Abstract
Many image translation methods based on conditional generative adversarial networks can transform images from one domain to another, but the results of many methods are at a low resolution. We present a modified pix2pixHD model, which generates high-resolution tiled clothing from a model wearing clothes. We choose a single Markovian discriminator instead of a multi-scale discriminator for a faster training speed, added a perceptual loss term, and improved the feature matching loss. Deeper feature maps have lower weights when calculating losses. A dataset was specifically built for this improved model, which contains over 20,000 paired high-quality tiled clothing. The experimental results demonstrate the feasibility of our improved method and can be extended to other fields.
Introduction
Today, the world has entered the information era. E-com-merce has also achieved great progress and is increasingly becoming an indispensable component of our daily life. In the past, it was necessary for people to go to physical stores and have a try-on before buying. However, it's inconvenient to go to a clothing store every time we feel like purchasing clothes. Online shopping makes it possible to trade in the absence of going outside. For most individuals, purchasing garments of interest on e-commerce platforms (e.g., Taobao, http://www.taobao.com) is a desirable choice. In daily life, we often see models or celebrities like film stars wearing good-looking costumes on TV or advertisements, but we don't know where to find them. A very prevalent practice is to put the model pictures on the e-commerce platform to retrieve the same clothes. However, it is obviously an unwise choice to use the clothes worn on the models because a model in a bad pose could have a devastating impact on retrieval performance. A tiled clothing picture taken of a model can truly improve the accuracy of clothing retrieval.

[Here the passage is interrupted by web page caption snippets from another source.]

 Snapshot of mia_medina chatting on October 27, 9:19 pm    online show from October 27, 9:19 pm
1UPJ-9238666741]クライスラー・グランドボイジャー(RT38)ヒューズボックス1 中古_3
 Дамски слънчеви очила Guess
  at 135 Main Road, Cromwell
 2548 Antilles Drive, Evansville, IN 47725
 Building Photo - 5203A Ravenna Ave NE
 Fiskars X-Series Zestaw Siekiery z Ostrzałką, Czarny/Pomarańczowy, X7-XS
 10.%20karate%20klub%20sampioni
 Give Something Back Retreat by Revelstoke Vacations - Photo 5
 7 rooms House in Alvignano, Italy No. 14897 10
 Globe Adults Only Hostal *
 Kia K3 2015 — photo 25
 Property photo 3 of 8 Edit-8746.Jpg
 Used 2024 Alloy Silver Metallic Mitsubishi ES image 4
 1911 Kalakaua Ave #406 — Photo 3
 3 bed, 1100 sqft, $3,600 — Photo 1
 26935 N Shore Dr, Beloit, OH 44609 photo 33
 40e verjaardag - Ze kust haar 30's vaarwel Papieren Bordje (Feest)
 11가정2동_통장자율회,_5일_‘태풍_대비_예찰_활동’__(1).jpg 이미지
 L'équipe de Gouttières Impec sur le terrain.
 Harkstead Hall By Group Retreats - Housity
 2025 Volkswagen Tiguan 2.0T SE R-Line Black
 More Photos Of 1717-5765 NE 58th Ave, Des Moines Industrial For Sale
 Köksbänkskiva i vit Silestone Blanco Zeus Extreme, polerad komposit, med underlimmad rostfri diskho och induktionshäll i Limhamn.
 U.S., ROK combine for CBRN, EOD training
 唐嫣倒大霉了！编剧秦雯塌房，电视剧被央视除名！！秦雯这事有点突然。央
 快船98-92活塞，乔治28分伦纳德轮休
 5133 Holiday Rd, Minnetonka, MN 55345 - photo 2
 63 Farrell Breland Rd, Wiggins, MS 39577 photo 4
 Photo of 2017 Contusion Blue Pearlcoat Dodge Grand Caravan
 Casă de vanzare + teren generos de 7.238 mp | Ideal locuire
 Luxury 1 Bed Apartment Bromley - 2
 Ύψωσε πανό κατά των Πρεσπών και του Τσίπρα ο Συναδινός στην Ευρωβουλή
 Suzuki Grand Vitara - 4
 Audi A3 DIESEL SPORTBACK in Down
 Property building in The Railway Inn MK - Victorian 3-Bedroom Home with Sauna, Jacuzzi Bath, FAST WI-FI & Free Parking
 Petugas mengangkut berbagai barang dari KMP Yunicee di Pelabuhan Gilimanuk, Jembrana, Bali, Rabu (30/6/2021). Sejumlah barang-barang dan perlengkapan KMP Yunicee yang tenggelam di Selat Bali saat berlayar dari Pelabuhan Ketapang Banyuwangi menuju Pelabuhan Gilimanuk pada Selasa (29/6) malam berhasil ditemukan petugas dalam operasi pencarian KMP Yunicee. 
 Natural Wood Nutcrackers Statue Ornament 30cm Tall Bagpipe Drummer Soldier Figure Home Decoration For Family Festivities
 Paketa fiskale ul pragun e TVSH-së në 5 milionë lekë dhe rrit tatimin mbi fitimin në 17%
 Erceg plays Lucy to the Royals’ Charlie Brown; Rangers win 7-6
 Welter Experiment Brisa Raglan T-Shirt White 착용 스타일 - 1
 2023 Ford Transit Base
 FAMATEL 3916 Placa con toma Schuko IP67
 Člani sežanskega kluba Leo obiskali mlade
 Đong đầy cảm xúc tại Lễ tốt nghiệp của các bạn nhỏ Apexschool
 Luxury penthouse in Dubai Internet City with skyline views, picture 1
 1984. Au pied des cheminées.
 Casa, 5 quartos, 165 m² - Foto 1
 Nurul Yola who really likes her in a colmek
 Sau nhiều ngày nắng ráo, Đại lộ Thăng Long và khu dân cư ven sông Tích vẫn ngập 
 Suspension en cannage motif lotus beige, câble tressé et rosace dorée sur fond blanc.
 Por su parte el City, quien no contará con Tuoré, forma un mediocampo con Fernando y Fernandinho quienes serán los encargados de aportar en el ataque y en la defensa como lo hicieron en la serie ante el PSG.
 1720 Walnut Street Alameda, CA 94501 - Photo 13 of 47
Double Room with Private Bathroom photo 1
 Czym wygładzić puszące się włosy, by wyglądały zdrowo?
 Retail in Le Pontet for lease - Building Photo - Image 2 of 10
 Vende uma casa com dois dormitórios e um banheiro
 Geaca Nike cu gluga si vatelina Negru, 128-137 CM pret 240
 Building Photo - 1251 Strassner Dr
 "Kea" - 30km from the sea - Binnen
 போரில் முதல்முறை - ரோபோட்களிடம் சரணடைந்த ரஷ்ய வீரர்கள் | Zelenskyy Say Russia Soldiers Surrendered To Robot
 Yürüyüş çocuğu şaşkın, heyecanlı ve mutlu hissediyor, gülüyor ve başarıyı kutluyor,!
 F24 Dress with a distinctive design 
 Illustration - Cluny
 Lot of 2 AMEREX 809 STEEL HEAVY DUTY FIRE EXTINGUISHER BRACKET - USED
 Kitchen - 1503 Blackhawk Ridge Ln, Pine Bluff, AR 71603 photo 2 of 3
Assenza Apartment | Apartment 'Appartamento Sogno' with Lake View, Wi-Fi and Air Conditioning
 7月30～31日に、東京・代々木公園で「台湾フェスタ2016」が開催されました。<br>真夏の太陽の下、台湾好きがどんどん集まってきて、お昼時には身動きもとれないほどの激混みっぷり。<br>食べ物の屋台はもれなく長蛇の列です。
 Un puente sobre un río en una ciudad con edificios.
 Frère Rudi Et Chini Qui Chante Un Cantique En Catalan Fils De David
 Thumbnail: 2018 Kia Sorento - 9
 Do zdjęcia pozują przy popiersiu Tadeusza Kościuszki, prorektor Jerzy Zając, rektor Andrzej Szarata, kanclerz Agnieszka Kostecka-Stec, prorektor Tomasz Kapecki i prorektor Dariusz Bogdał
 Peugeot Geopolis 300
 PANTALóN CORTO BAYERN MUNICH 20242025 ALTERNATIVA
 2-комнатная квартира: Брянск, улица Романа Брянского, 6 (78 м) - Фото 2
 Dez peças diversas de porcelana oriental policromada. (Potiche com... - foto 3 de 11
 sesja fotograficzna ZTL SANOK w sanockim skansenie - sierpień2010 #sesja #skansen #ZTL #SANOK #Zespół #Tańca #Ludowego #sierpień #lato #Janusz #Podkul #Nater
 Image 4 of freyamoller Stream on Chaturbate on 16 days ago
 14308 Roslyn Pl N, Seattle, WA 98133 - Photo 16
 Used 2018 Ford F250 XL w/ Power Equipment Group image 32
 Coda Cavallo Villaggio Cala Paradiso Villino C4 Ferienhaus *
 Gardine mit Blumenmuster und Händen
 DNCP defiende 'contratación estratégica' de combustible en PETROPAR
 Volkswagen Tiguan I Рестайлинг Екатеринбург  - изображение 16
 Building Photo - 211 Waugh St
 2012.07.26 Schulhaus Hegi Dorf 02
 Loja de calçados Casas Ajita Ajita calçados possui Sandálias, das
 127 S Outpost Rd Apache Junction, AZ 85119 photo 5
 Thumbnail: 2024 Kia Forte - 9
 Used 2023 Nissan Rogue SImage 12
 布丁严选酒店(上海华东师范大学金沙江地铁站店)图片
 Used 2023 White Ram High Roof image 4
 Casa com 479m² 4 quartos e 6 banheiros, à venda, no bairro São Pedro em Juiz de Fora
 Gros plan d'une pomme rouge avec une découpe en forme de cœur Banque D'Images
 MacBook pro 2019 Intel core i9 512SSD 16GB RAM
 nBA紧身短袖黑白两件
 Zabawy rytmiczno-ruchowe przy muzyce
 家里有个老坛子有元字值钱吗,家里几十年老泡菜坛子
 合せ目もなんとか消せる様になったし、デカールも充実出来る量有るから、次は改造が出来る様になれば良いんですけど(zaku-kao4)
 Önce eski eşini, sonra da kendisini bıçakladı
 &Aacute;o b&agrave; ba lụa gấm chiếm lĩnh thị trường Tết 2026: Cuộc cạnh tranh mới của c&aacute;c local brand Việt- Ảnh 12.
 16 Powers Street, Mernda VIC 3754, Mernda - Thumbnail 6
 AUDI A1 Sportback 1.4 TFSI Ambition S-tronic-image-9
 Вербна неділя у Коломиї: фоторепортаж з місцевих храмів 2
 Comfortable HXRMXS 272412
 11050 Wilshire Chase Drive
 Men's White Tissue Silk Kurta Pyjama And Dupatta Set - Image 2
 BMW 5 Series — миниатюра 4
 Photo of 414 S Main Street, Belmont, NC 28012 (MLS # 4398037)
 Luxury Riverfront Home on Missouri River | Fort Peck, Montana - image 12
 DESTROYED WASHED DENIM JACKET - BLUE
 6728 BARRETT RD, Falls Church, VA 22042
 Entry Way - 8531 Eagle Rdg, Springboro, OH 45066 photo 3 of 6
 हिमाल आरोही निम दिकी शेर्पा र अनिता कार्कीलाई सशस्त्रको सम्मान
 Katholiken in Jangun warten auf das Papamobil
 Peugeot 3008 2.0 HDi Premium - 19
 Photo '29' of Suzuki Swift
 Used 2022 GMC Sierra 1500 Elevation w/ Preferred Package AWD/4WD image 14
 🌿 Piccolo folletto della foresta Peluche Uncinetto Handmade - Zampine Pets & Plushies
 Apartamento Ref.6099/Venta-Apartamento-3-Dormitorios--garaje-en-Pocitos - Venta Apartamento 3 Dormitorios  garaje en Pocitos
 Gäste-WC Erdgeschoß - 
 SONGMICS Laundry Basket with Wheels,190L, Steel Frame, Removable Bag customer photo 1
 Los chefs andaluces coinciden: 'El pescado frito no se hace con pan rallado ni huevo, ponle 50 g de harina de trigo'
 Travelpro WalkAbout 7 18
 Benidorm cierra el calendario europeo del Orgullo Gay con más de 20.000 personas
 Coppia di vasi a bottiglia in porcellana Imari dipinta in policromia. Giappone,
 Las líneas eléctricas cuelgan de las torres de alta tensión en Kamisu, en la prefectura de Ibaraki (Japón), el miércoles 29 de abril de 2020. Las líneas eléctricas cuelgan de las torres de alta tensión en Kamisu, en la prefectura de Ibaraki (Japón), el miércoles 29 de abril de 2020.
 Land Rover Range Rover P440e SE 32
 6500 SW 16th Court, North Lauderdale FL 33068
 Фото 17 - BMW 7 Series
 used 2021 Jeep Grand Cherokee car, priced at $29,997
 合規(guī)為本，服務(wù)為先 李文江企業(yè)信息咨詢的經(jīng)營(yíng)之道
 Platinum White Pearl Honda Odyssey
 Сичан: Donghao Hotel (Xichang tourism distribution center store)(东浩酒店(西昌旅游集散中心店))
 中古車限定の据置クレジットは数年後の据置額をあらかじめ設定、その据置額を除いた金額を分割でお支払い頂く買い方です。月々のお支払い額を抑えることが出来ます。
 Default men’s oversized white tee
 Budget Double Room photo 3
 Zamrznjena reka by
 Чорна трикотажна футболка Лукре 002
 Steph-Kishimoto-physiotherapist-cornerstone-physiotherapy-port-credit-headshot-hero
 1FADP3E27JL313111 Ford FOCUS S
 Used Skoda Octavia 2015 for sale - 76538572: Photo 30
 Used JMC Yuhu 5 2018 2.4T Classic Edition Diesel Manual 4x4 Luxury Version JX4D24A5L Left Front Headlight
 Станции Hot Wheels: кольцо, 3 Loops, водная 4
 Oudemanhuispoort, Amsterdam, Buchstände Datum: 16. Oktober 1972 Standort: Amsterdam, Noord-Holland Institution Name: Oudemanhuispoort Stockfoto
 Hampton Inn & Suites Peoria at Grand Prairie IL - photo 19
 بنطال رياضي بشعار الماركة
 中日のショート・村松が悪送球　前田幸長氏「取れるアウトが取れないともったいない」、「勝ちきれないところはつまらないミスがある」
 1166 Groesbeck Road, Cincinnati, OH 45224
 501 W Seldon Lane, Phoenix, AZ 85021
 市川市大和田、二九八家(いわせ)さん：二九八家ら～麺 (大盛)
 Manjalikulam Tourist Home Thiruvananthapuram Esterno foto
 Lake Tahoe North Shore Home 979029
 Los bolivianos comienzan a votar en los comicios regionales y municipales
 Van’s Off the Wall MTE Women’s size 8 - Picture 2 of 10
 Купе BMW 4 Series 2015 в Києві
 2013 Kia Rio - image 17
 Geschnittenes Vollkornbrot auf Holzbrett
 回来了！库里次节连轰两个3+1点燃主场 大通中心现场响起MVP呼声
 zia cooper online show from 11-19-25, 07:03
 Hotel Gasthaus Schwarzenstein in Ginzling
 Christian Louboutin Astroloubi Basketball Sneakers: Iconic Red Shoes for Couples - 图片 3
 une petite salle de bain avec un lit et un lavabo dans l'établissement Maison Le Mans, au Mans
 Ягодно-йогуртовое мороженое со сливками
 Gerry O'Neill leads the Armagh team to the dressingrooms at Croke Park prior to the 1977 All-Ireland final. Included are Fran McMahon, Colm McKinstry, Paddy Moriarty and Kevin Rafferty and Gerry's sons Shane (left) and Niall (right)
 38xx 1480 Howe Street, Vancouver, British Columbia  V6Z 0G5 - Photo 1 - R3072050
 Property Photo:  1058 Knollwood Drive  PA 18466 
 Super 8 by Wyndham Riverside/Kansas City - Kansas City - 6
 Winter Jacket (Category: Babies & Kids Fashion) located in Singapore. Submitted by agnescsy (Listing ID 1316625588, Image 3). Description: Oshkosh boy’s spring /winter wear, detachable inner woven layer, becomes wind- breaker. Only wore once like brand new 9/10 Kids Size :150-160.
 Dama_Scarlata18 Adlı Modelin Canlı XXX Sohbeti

Generating images from a conditional image is a typical image transformation problem. Therefore, we can use image-to-image translation methods to tackle this typical issue, producing tiled clothes images from model images.
Several years ago, researchers first proposed generative adversarial networks (GANs). 1 GANs consists of two parts: a generator and a discriminator, and both of them composed of a multi-layer perceptron. The generator deceives the discriminator by learning the data distribution of the whole dataset to synthesize pictures that have the same data distribution as the dataset, while the discriminator makes all efforts to distinguish the generated image from the real image by training and learning. The training process is like a minimax two-player game, eventually reaching the Nash equilibrium.
GAN's learning style gives it great potential because neural networks can be used to fit arbitrary data distributions. In the field of computer vision, GANs have been widely used. Based on the GANs model, it has been successful in some computer vision problems, such as text-to-image translation,2-4 image-to-image transformation,5-13 super-resolution,9-13 and realistic natural image generation.
There are three mainstream directions for GAN research. First, for the purpose of improving the quality of generated images.5,6 Second, for stabilizing the training process and shortening the convergence time.14-20 Third, to apply generative adversarial networks theory into practice.2-4
In this study, we are committed to the practical application of GANs, and present a novel modified pix2pixHD network, which can synthesize high-resolution and detail-rich tiled clothing images conditioned on model images.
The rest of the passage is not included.